▶ _EXERCISE INSTRUCTIONS_
Using the listing below, give again exactly the lines from the line with "Кокошник русский народный зеленый" to the line with "Flaneur 3-sitssoffa Matt Black", inclusive, without the pictures.

▶ _RECORDS FOR PROCESSING_
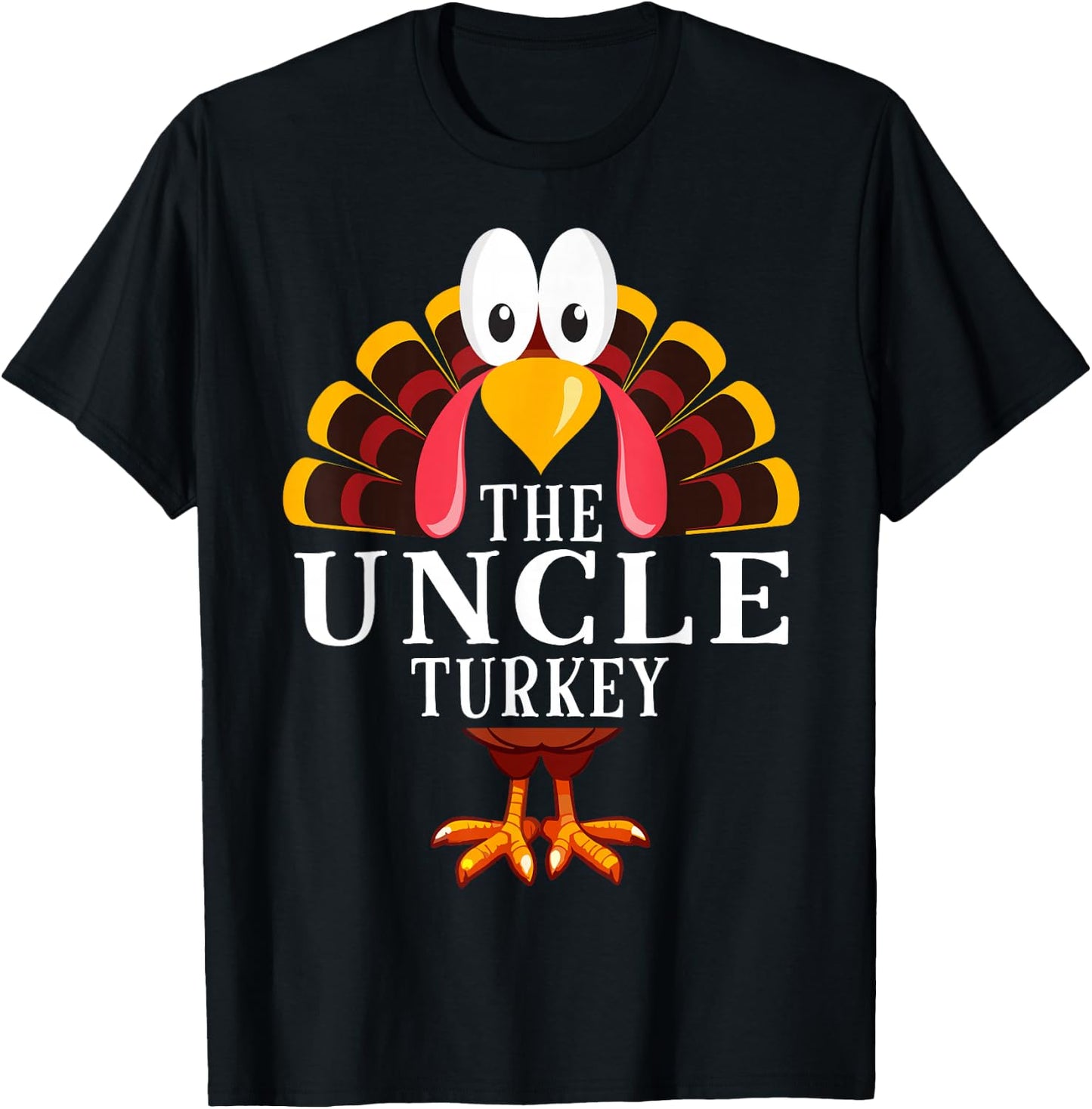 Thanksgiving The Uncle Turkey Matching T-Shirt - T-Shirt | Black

--

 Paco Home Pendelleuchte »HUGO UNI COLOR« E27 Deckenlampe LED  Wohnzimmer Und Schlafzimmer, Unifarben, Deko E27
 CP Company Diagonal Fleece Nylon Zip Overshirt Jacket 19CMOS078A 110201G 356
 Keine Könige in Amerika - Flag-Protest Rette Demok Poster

---

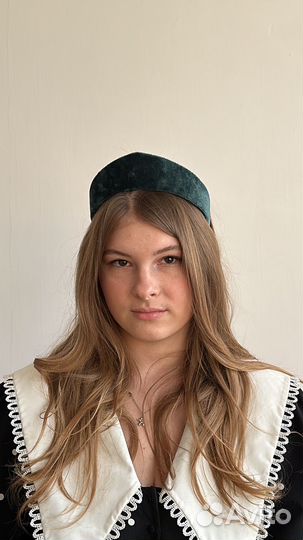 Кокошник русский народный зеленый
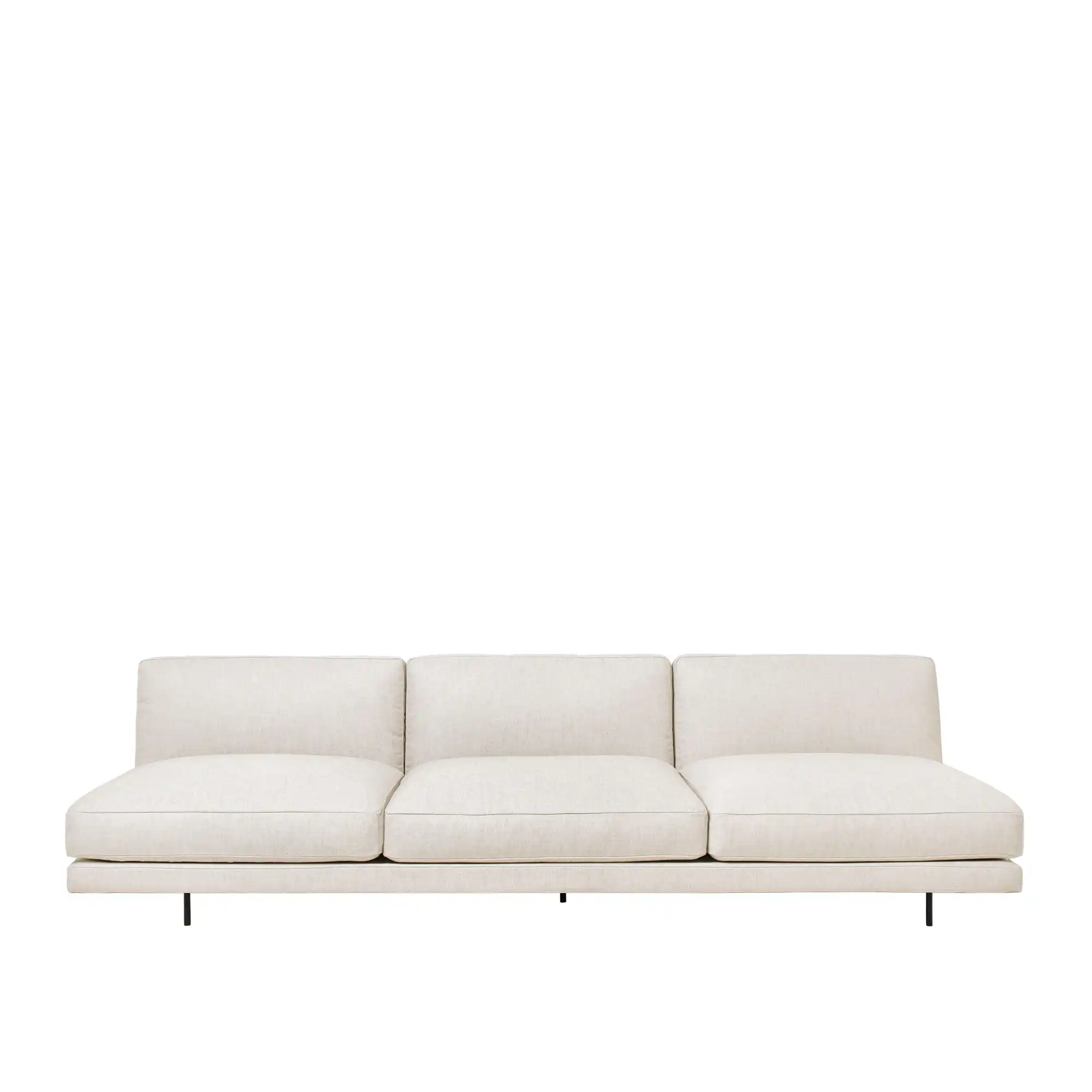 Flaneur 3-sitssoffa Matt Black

▶ _RESULT OF THIS EXERCISE_
 Кокошник русский народный зеленый
 Flaneur 3-sitssoffa Matt Black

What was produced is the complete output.